EXERCISE – Word for word, restate the lines of the listing below from the line with "150EX Explosion Proof Hybrid Servo Motor" through the line with "SIlvia | Robe Maxi", and do not include the pictures.

DATA EXTRACTS –
# # # # # # #

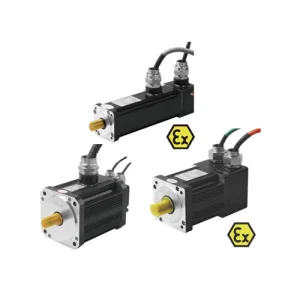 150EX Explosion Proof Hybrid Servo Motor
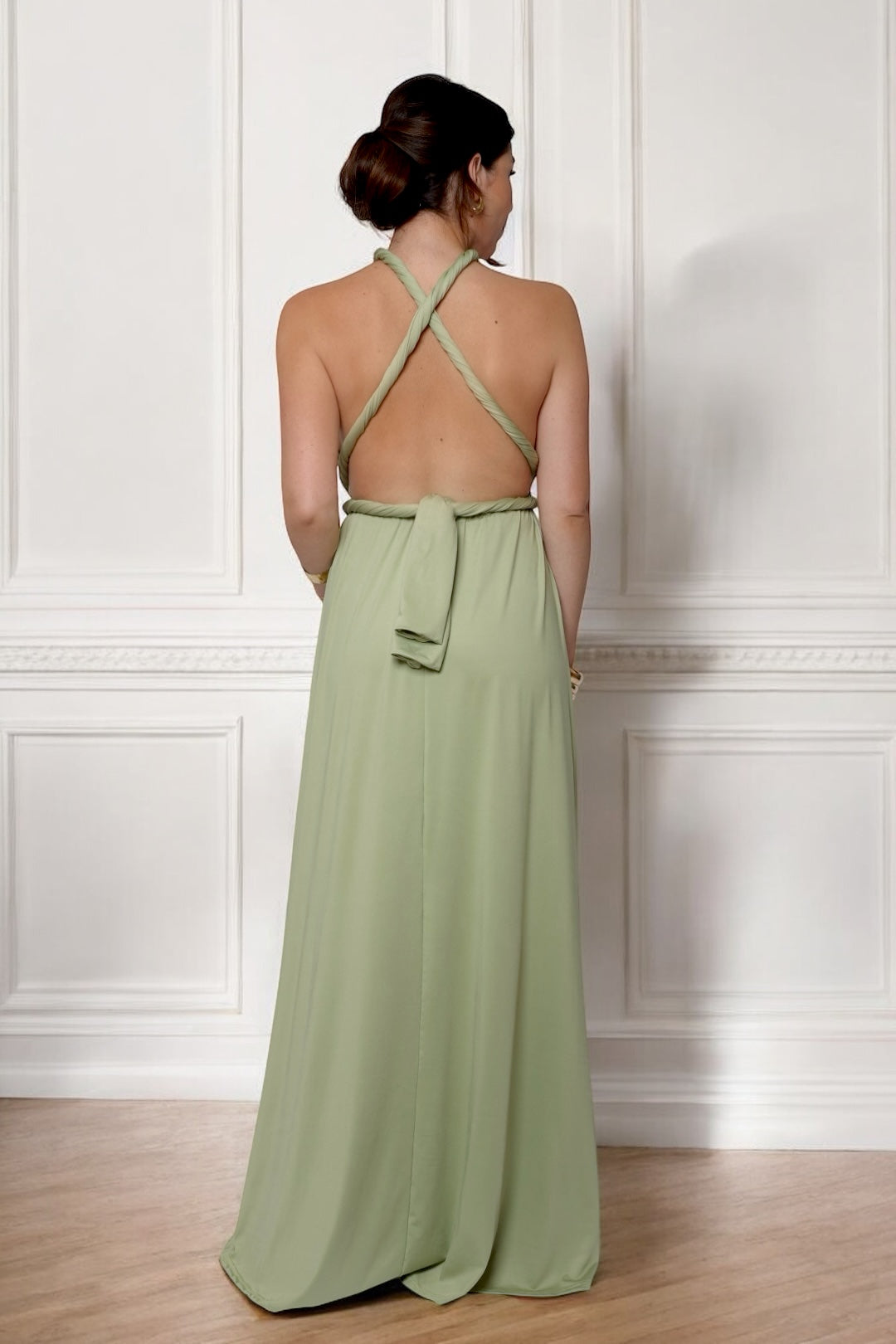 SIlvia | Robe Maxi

# # # # # # #

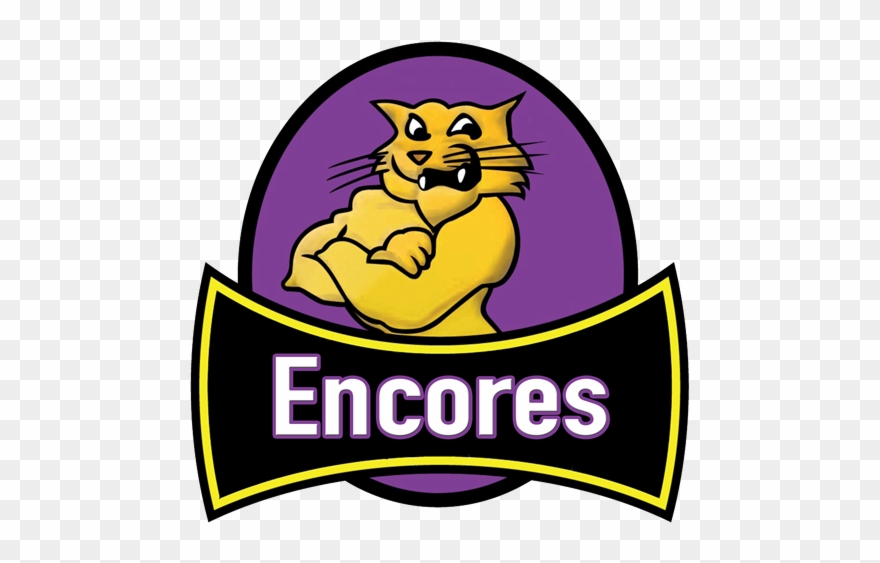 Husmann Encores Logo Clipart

# # # # # # #

EXERCISE ANSWER –
 150EX Explosion Proof Hybrid Servo Motor
 SIlvia | Robe Maxi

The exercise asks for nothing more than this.